→ **RECORDS FOR THE TASK**:
'''

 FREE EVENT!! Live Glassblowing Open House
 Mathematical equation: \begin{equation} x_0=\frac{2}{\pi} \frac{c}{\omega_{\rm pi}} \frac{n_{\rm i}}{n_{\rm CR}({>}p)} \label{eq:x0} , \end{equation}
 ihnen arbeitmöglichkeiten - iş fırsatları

'''
'''

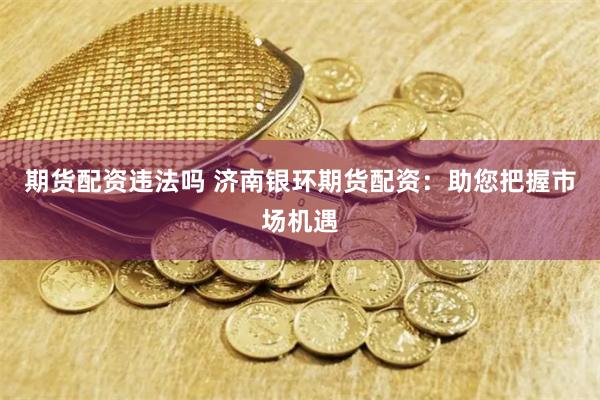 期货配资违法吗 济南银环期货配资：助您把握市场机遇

'''

→ **YOUR INSTRUCTIONS**:
Repeat, exactly as they stand above, the lines from the line with "FREE EVENT!! Live Glassblowing Open House" to the line with "ihnen arbeitmöglichkeiten - iş fırsatları", both lines included.

→ **REPLY**:
 FREE EVENT!! Live Glassblowing Open House
 Mathematical equation: \begin{equation} x_0=\frac{2}{\pi} \frac{c}{\omega_{\rm pi}} \frac{n_{\rm i}}{n_{\rm CR}({>}p)} \label{eq:x0} , \end{equation}
 ihnen arbeitmöglichkeiten - iş fırsatları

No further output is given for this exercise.